Community Civics and Rural Life eBook

This eBook from the Gutenberg Project consists of approximately 466 pages of information about Community Civics and Rural Life.

Community Civics and Rural Life eBook

This eBook from the Gutenberg Project consists of approximately 466 pages of information about Community Civics and Rural Life.

At Durham, for the first time in American land settlement, the farm laborer who works for wages is recognized as having as useful and valuable a part in rural economy as the farm owner.  The provisions made for his home are intended to give to his wife and children comfort, independence, and self-respect; in other words, the things that help create character and sustain patriotism.  The farm laborers’ homes already built are one of the most attractive features of the settlement; and when the community members gather together, as they do, to discuss matters that affect the progress of the settlement, or to arrange for cooperative buying and selling, the farm laborer and his family are active and respected members of the meetings.

From maps in school histories study the claims of the seven states to western lands.

What is the Ordinance of 1787?

Make reports on the circumstances connected with our various territorial acquisitions.

From whom did the colonists get the right to the land in the original thirteen colonies?

Do you know anyone who has ever taken up a “homestead claim”?  If so, learn how it was done.

If possible, get a description of a “land lottery” and a “land rush” in newly opened public lands.

Get all the information you can about the plan to provide land for the soldiers, referred to above.  Do you think this is a better plan than that of giving land to soldiers outright?  Why?  Is your state likely to cooperate with the national government in carrying out this plan?  How?

THE NATION’S INTERESTS ARE FIRST

The policy of the government of disposing of the public lands to individuals has of course been of great benefit to the latter; but we should not lose sight of the fact that the national well-being is the first consideration.  As the Commissioner of the General Land Office said in a recent report (1916), “Every acre of public land disposed of under this line of legislation is an investment, the profits to be found in the general development of the welfare of the nation at large.”

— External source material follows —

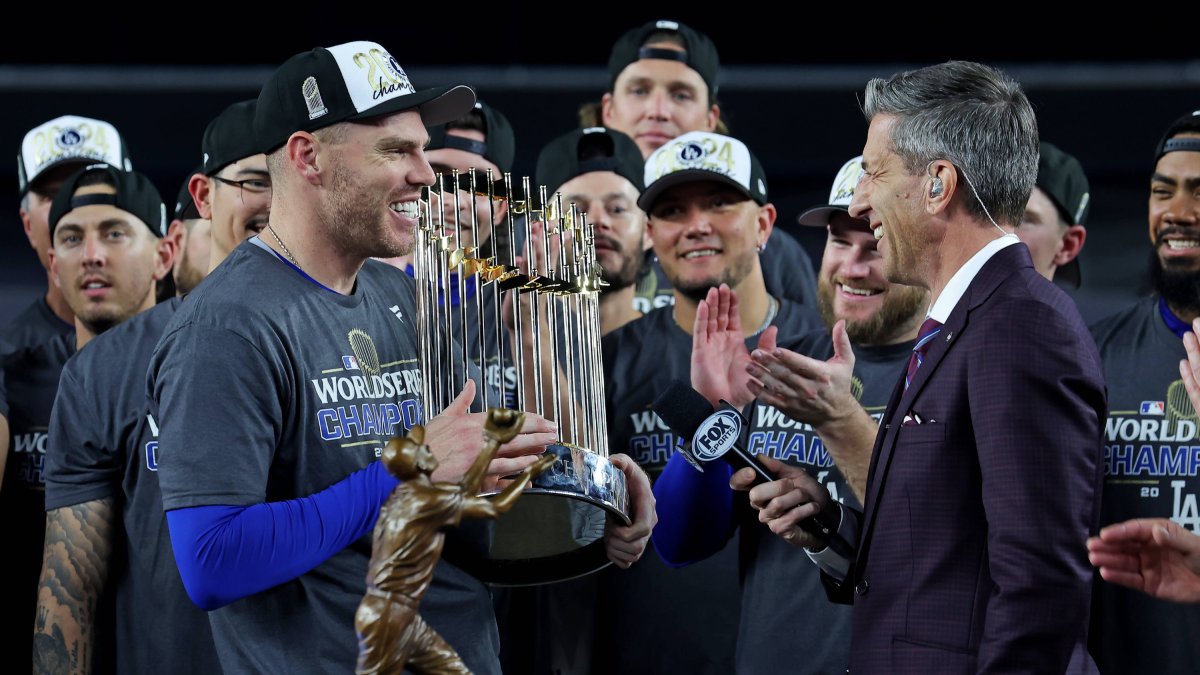 El primera base de los Dodgers Freddie Freeman celebra con el trofeo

SAFEGUARDING THE INTERESTS OF INDIVIDUALS

It has been no simple matter to administer our public lands, and mistakes have been made.  Sometimes the interests of individuals have not been sufficiently safeguarded.  Many settlers have suffered serious loss, and many promising communities have failed, through the taking of homesteads in regions of little rainfall, as in western Kansas and Nebraska.  The government now seeks to protect homesteaders against such errors by distinguishing carefully between lands suitable for ordinary agriculture and those suitable only for dry-farming and stock-raising, by informing prospective settlers in regard to the facts, and by allowing larger entries in lands of the latter classes.  Another mistake was made in allowing many of the first claimants to stock-raising lands so to locate their claims as to acquire the exclusive use of the only available water supply for miles around, thus making useless other large tracts.  This might have been avoided by a little foresight.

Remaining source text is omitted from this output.